Tao and Gunstone, 1998

This study, based in Australia and Hong Kong, explored misconceptions around forces and motion and discusses conceptual-change approaches, including the use of computer simulations in students aged 15–16-year-old.

Evidence-based suggestions

  • To achieve conceptual change, students need to be able to look across a wide range of contexts and identify the commonalities.
  • Students will cycle between scientific and alternative conceptions from one context to another.
  • Many students will face difficulty transferring learning from one context to another and should be reminded of analogous contexts.

Learners’ ideas

  • Students commonly confuse force and motion or believe that forces can be ‘used up’ during motion.
  • Students believed that a force will always cause an object to immediately move in the direction of the force, rather than just accelerating in that direction.
  • Students believe a stationary object must have no forces acting on it.
  • Many students believe that a constant force will result in a constant speed and only a chance in force will cause acceleration.

Study Structure


The study aimed to investigate the nature and process of conceptual change by answering two research questions:

  1. How effective is conceptual conflict in fostering conceptual change?
  2. Is conceptual change realized as a development (addition), a replacement of alternative conceptions, the coexistence of a range of conceptions with each coming into play in a specific context, or some other process?

Evidence collection

Four computer simulation programs, with three of them accompanied by worksheets, were developed to provoke conceptual conflicts and facilitate conceptual change among students. These students worked in pairs on a series of tasks while being audio recorded, the transcripts of which constituted the primary data source for the study. Subsequently, a 15-question multiple-choice test was administered to gather students' opinions on the computer programs.
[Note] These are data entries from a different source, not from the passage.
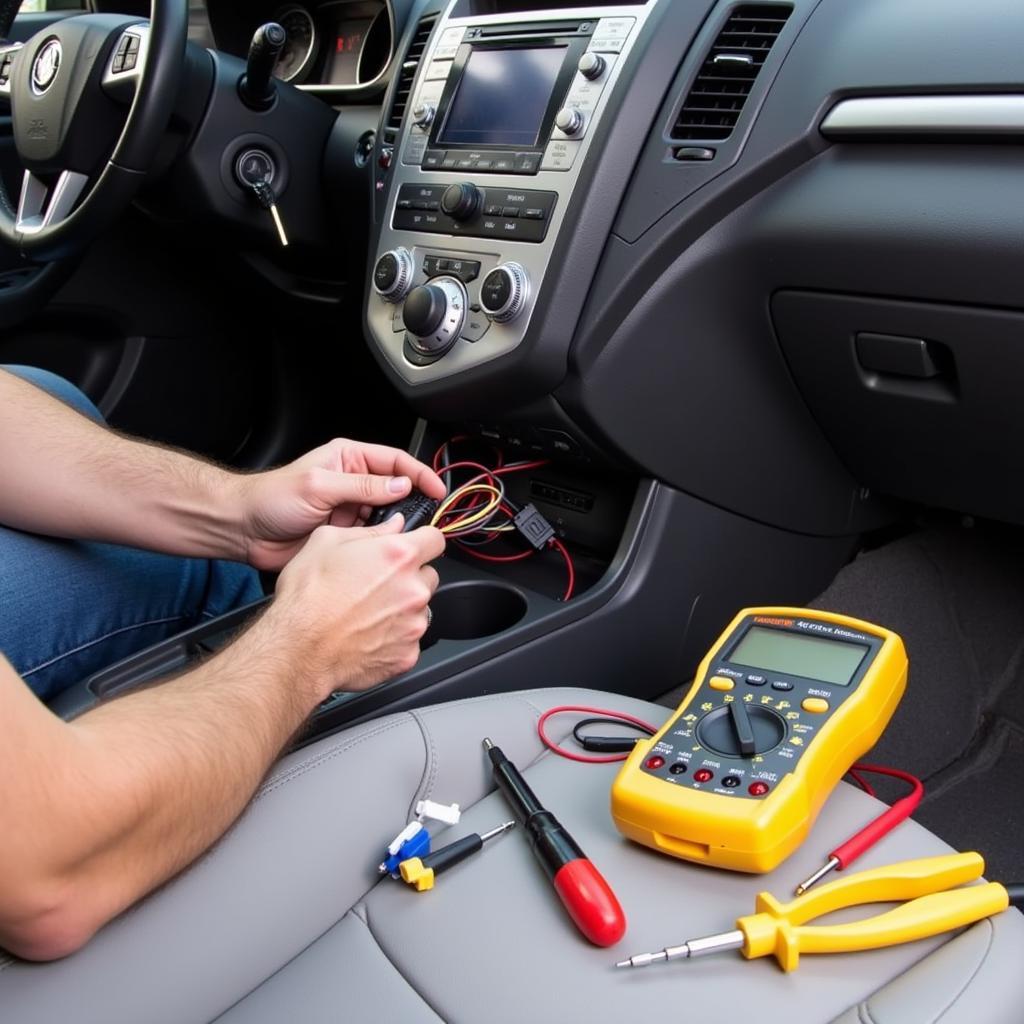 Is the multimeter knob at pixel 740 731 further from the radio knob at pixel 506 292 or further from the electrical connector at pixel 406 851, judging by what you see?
the radio knob at pixel 506 292

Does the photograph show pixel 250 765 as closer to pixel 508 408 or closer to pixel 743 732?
pixel 743 732

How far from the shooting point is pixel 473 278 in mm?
1121

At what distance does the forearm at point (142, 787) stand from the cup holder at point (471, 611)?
40cm

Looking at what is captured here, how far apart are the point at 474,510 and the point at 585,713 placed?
335 mm

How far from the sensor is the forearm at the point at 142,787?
23.2 inches

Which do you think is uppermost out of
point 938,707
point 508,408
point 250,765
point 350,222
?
point 350,222

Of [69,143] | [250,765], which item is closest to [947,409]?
[250,765]

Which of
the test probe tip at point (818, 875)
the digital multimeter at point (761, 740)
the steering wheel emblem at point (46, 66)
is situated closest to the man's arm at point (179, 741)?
the digital multimeter at point (761, 740)

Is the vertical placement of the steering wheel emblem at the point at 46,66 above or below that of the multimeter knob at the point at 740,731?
above

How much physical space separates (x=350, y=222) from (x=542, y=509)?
1.75 feet

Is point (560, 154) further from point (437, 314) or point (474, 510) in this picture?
point (474, 510)

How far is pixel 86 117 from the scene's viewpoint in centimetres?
135

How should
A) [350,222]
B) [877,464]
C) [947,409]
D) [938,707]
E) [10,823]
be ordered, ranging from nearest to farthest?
1. [10,823]
2. [947,409]
3. [877,464]
4. [938,707]
5. [350,222]

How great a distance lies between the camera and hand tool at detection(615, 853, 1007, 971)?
63cm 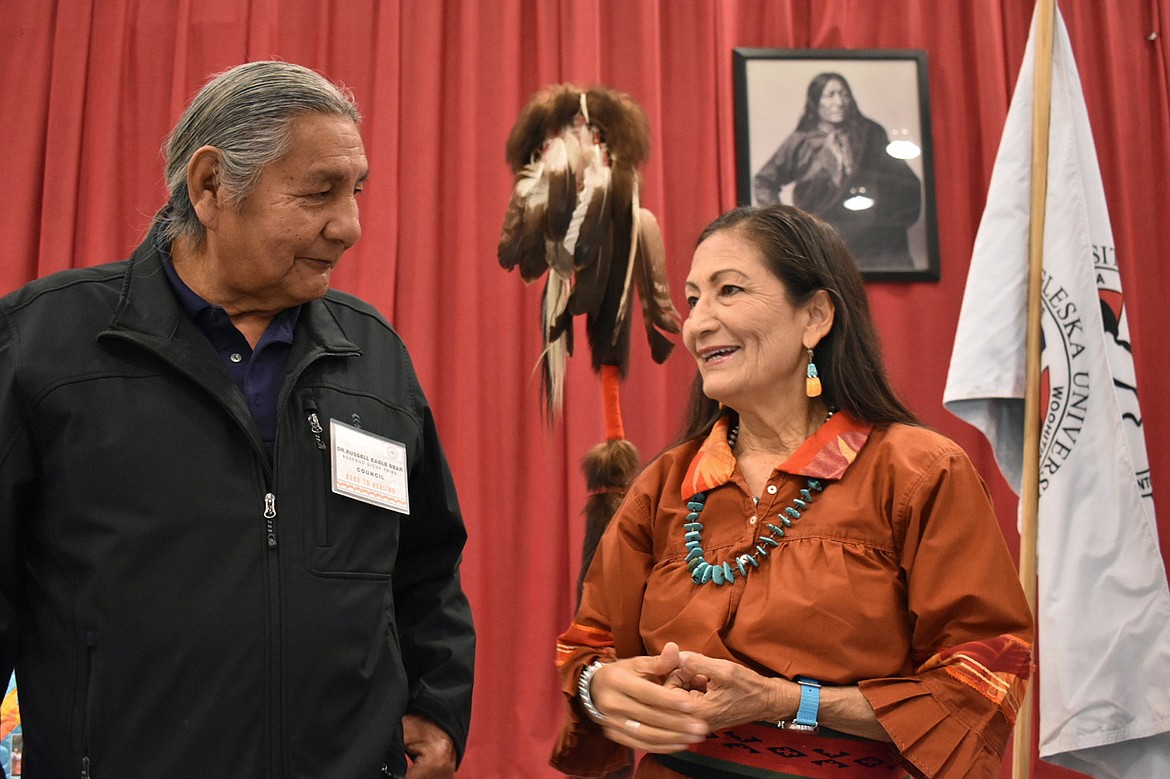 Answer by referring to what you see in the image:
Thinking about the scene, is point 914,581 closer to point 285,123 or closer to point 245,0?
point 285,123

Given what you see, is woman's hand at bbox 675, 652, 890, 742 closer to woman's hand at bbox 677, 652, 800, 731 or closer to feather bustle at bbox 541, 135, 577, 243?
woman's hand at bbox 677, 652, 800, 731

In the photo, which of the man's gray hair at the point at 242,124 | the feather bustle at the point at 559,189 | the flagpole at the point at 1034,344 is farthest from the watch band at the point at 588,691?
the flagpole at the point at 1034,344

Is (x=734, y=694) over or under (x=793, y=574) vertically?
under

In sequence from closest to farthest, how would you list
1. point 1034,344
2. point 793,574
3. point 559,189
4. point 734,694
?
point 734,694 → point 793,574 → point 559,189 → point 1034,344

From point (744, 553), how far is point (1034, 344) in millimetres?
1615

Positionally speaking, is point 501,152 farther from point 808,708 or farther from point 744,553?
point 808,708

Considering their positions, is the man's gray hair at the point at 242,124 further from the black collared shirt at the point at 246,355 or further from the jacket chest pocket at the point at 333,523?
the jacket chest pocket at the point at 333,523

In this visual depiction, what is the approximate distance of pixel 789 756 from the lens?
1505mm

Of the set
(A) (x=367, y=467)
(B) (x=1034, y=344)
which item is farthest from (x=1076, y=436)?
(A) (x=367, y=467)

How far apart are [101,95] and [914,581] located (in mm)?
3152

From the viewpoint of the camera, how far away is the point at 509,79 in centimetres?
358

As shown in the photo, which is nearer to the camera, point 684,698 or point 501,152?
point 684,698

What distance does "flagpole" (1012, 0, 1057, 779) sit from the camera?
2742 mm

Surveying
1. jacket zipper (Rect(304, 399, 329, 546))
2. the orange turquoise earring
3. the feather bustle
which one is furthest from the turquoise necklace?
the feather bustle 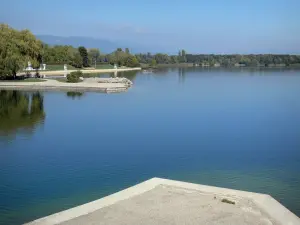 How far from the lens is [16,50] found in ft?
138

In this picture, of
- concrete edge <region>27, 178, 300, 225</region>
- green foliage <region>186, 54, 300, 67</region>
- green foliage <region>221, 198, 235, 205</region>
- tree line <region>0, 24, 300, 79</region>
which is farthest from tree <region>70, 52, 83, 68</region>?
green foliage <region>186, 54, 300, 67</region>

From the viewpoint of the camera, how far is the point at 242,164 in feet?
44.4

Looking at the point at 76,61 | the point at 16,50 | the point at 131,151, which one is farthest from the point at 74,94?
the point at 76,61

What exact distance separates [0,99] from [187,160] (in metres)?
21.5

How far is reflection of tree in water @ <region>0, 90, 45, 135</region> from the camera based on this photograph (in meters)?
19.8

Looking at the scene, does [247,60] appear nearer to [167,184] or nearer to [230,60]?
[230,60]

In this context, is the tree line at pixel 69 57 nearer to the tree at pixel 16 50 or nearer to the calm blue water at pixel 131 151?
the tree at pixel 16 50

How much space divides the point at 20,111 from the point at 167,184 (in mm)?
17798

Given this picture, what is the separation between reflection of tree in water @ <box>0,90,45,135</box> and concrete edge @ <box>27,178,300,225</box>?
1077 centimetres

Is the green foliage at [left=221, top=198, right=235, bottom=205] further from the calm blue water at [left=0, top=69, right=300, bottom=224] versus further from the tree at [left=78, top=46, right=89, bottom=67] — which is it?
the tree at [left=78, top=46, right=89, bottom=67]

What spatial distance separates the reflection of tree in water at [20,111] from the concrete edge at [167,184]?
10767 mm

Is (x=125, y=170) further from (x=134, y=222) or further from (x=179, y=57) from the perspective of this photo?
(x=179, y=57)

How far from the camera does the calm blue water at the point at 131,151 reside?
421 inches

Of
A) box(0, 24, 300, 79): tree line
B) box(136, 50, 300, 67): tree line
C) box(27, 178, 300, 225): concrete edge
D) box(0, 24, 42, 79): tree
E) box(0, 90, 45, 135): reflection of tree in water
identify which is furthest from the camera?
box(136, 50, 300, 67): tree line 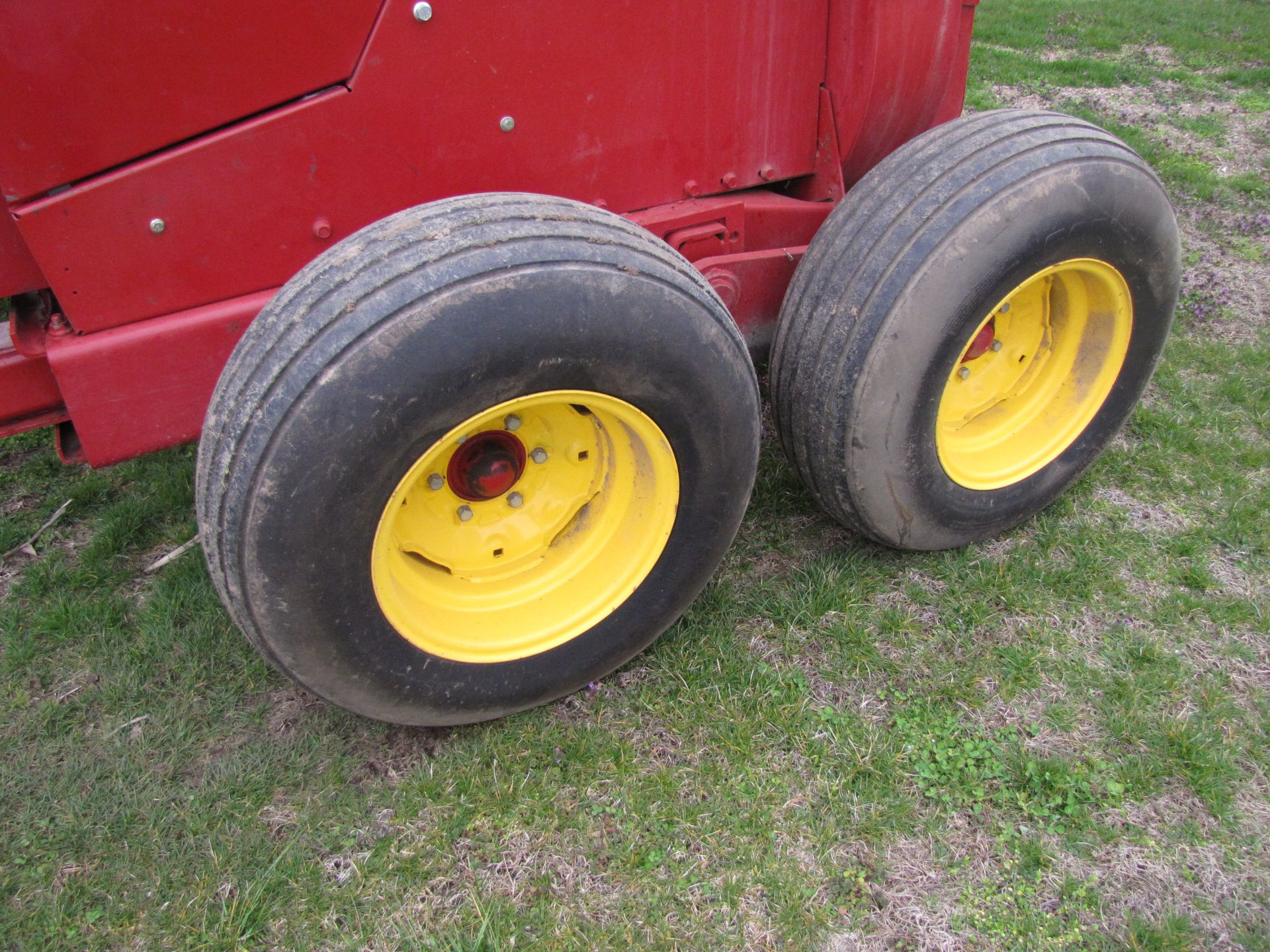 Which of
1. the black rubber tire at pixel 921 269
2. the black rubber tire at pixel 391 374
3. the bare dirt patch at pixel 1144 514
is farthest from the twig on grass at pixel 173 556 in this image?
the bare dirt patch at pixel 1144 514

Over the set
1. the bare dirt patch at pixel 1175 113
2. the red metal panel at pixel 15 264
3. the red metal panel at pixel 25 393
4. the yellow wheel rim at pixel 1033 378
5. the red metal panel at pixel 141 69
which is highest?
the red metal panel at pixel 141 69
Overall, data was collected through pre-tests, post-tests, delayed post-tests, and student interviews conducted at various stages of the study. The analysis focused on four dimensions: alternative conceptions of force and motion, the relationship between motion and force, the effects of force, and conceptual conflicts.

Details of the sample

The sample consisted of 27 15–16-year-old students in a science class from a Catholic boys' high school in Melbourne. In this school students were regarded as generally of average ability, science staff were appreciative of the conceptual change instructional strategy, and it had suitable and adequate computer facilities for running the computer programs.